One thing that needs to be mentioned straight away is that, somewhat confusingly, London Dry Gin doesn’t have to be made in London or even the UK for that matter. The definition is laid out in Regulation (EC) 110/2008 of the European Parliament and makes for long, tedious reading so we will lay out the fundamentals, hopefully without putting you to sleep!

For a gin to be called London Dry Gin, the base spirit must be distilled to a completely neutral spirit of 96% ABV, must add all flavours through distillation in presence of “natural plant materials,” and can have nothing added after distillation save water and a trivial quantity of sugar.

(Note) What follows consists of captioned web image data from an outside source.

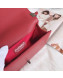 Chanel Chevron Grained Calfskin Medium Boy Flap Bag A67086 Red/Silver 2019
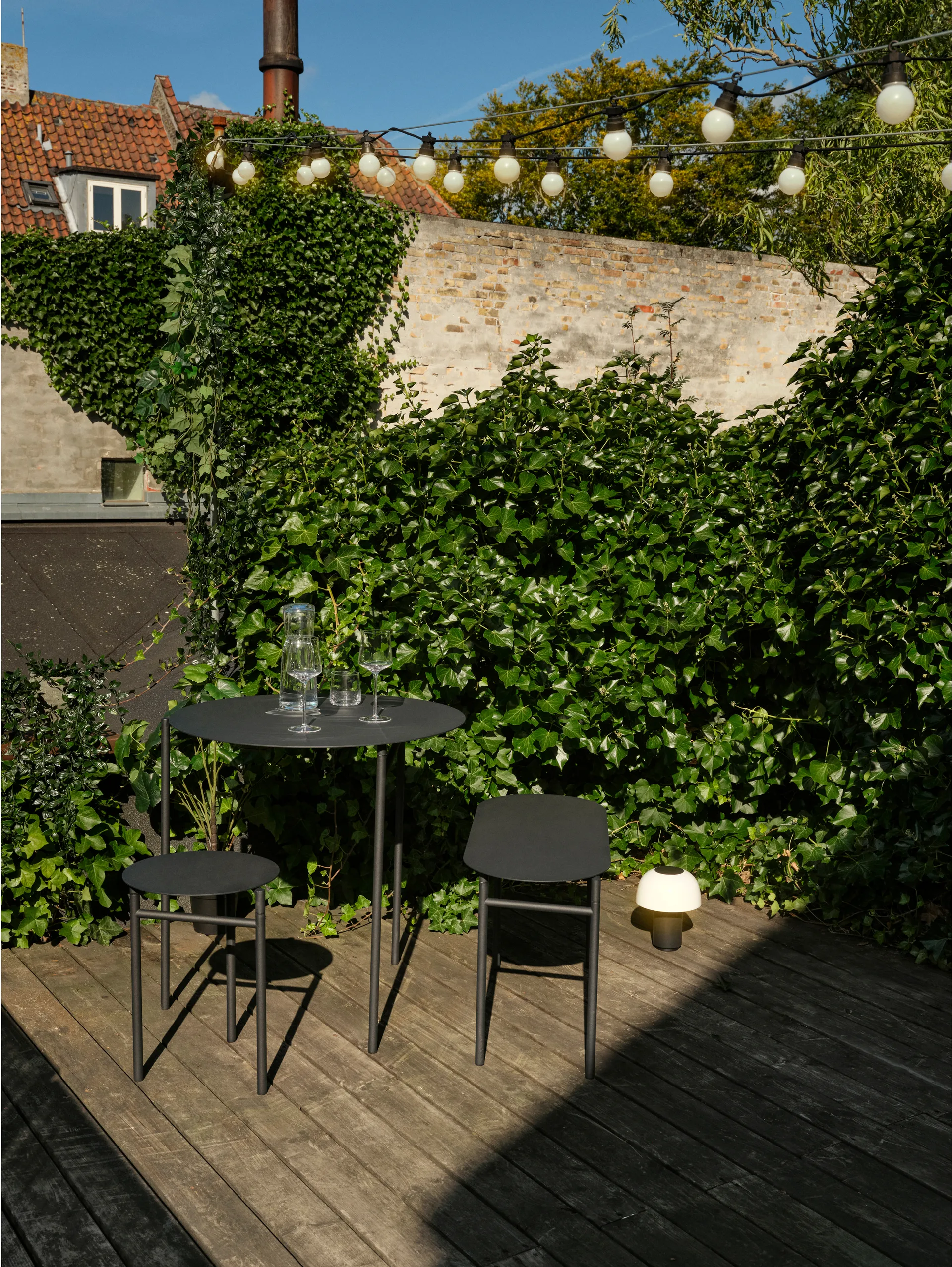 Disc bänk 33x80 cm, Black Zone Denmark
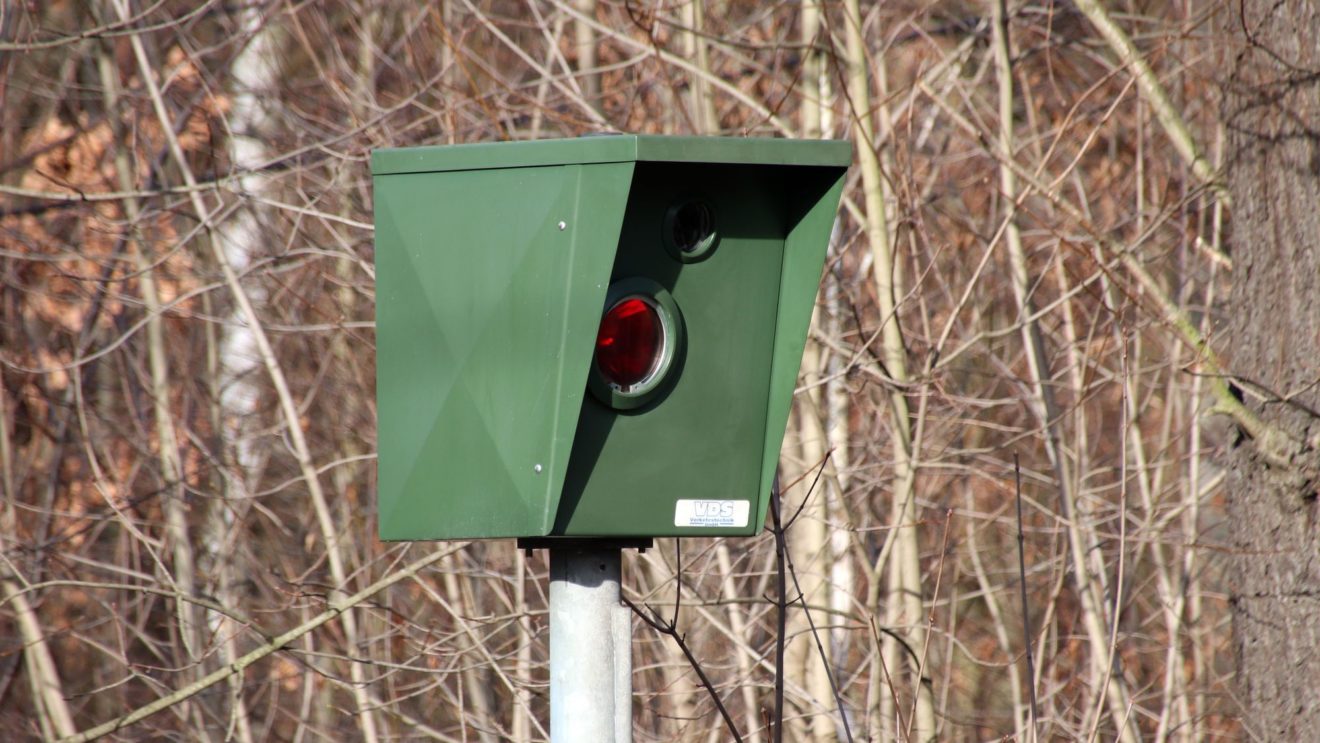 Der Blitzerkasten wurde erneuert.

Gin distillation requires a base neutral spirit to be distilled before the re-distillation with botanicals. This neutral spirit must be distilled to 96% ABV in a column still to ensure the quality and neutrality of the spirit. Back in the 19th century, back lane distillers would often increase the yield on their distillations by producing methanol alongside ethanol. Methanol is very poisonous and isn’t something you want to be drinking. Regulations state that there can only be 5 grams of methanol per hectolitre, so you know that gin with London Dry status is quality stuff. This obviously isn’t a problem like it was a few centuries ago and all commercially available gins remove methanol from their distillate.

It’s now time for the base spirit to be redistilled with the botanicals, which must all be natural with nothing artificial added. The distiller only gets one shot at getting the flavour profile right at this point as after this distillation nothing else can be added save for water and a very small amount of sugar. Gins that add botanicals, flavourings or more than the prescribed trace amount of sugar cannot call themselves London Dry Gin.

Contrary to popular opinion, there is no designated flavour profile or botanical requirements save that they are all natural and juniper is the primary flavour. Many traditional London Dry gins are heavy with citrus fruit like lemon and limes but a London Dry can also be contemporary in style. Just remember that this designation governs the process of how it’s made, not how it tastes.